E2 binds to the papillomavirus oncoproteins E6 and E7, leading to the modulation of their functions (Gammoh et al., 2006; Grm et al., 2005). E2 has activities that inhibit cell growth. High-risk, but not low-risk HPV E2 proteins can induce themselves growth arrest and apoptotic cell death in several HPV-negative carcinoma cell lines. Apoptosis can occur via a p53-dependent as well as independent pathways (Demeret et al., 2003; Parish et al., 2006b). E2 binds to the cellular protein p53. Expression of p53 can inhibit papillomavirus DNA replication and alter the transcriptional activity of E2 (Frattini et al., 1997; Lepik et al., 1998; Massimi et al., 1999). Interestingly, p53 inhibits the initial, amplificational replication, but not the stable, long-term replication of BPV1 (Ilves et al., 2003). E2 can modulate the activity of cellular proteins, like activators of the Anaphase Promoting Complex (APC) Cdh1 and Cdc20 inducing genomic instability (Bellanger et al., 2005). E2 is associated with transcriptionally active chromatin and as a transcription factor may directly regulate the expression of cellular genes. The HPV E2 proteins are reported to repress the hTERT promoter activity (Lee et al., 2002b). HPV8 E2 protein suppresses β4-integrin expression and HPV16 E2 protein transcriptionally activates the promoter of a key cellular splicing factor SF2/ASF (Mole et al., 2009; Oldak et al., 2004). The expression of HPV8 E2 protein in transgenic mice can induce the formation of skin tumors through an unknown mechanism (Pfefferle et al., 2008).

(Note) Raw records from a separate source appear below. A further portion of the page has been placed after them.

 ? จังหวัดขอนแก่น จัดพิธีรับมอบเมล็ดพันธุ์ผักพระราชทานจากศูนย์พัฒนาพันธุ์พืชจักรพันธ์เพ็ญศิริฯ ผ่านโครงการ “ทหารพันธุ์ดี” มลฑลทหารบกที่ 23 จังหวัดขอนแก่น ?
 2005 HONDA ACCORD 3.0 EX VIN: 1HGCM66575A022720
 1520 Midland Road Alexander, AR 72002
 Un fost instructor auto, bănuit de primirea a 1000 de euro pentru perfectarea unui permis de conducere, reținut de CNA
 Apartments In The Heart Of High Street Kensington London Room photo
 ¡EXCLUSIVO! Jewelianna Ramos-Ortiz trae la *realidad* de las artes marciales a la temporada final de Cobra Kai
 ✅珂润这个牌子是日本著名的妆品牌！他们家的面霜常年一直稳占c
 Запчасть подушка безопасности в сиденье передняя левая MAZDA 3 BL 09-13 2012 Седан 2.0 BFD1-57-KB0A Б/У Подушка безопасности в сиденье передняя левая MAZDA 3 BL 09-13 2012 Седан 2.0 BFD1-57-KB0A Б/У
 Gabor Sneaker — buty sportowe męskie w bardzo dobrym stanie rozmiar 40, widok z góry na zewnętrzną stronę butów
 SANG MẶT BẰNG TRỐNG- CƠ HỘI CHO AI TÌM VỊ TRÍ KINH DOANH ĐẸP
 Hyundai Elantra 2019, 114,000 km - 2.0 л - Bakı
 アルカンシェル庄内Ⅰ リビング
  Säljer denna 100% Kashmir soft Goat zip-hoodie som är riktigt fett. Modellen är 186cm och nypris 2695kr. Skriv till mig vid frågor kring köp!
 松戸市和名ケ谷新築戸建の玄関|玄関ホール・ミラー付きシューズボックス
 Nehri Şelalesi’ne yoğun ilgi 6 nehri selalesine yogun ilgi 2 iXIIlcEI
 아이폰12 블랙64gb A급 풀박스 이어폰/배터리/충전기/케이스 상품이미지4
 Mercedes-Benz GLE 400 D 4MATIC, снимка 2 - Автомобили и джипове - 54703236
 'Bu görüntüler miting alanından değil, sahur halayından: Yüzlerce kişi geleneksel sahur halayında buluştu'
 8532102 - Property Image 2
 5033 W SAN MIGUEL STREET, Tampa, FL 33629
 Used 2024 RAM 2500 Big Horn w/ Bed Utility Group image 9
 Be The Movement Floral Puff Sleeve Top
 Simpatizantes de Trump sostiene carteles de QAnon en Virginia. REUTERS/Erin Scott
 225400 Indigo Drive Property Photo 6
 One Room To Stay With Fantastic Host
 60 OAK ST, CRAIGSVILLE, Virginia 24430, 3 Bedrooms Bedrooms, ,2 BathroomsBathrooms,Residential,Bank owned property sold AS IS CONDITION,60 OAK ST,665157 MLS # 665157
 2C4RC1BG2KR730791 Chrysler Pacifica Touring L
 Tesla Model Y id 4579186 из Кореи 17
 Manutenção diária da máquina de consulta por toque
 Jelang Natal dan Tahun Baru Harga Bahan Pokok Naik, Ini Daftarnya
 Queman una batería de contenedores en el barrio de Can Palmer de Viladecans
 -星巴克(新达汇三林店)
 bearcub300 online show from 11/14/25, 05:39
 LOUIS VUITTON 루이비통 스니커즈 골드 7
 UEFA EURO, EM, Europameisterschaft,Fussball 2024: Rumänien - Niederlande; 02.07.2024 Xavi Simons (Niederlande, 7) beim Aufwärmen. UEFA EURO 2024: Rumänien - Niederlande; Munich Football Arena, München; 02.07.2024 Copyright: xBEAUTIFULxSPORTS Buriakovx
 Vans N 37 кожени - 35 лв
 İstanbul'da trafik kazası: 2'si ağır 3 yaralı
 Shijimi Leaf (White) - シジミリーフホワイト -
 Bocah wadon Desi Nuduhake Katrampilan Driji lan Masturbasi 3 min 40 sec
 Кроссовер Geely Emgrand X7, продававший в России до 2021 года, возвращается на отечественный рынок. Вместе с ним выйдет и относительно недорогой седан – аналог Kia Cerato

The E2 proteins bind to inverted repeats with consensus sequence 5’ ACCGN4CGGT, where N4 represents a 4 bp central sequence (Li et al., 1989). Although the base pairs in the central spacer sequence are not in contact with the protein, they affect protein binding. The E2 DNA binding is accompanied by bending of DNA and depends on DNA flexibility (Hines et al., 1998). HPV E2 proteins bind with higher affinity to sites with A/T-rich central spacer while BPV1 E2 has no preference (Dell et al., 2003). E2 binding can be inhibited by CpG methylation of the E2 binding site (Kim et al., 2003; Thain et al., 1996). The BPV1 genome contains 17 E2 binding sites from which 12 sites are located within the URR region. In genital HPV genomes, there are four E2 binding sites with conserved sequences and positions. E2 remains associated with the BPV1 URR throughout the cell cycle including mitosis (Melanson and Androphy, 2009).

Figure 5.

Papillomavirus genomes encode multiple E2 proteins. In addition to the full-length E2 protein, BPV1 and HPV18 genomes encode truncated E2 proteins, which lack the activation domain and serve as repressors of replication and transcription. The full-length and truncated E2 proteins are able to form dimers through their common C-terminal DNA-binding-dimerization domain.

4.1. E2 repressors and heterodimers

In addition to the full-length E2 protein, the BPV-1 and mucosal HPV genomes encode truncated E2 proteins, which lack the activation domain, but maintain the DNA-binding-dimerization domain (DBD). For BPV1, mRNA for E2C is transcribed from a promoter internal to the open reading frame, and E8/E2 is created by splicing E8 ORF sequences to an acceptor located within the E2 ORF. The repressor proteins encoded by HPVs are similar to the BPV1 E8/E2 protein, since they contain a small conserved E8 ORF (HPV 11, 18, 31) or fragment of E1 ORF (HPV 11) fused to the C-terminus of E2. Transient over-expression assays have suggested that shorter E2 proteins act as negative regulators of E2 and function as repressors of transcription and replication (Chiang et al., 1991; Doorbar et al., 1990; Hubbert et al., 1988; Kurg et al., 2010; Lim et al., 1998; Stubenrauch et al., 2000). The shorter E2s antagonize the function of full-length E2 by competing for E2 DNA binding sites. In addition, the E8 of HPV 31 E8/E2 protein itself is a transcriptional repressor domain that functions independently of binding site competition inhibiting transcription and DNA replication by interacting with co-repressor molecules such as NCoR1/HDAC3, the histone methyltransferase SETDB1, and the TRIM28 protein (Ammermann et al., 2008; Powell et al., 2010).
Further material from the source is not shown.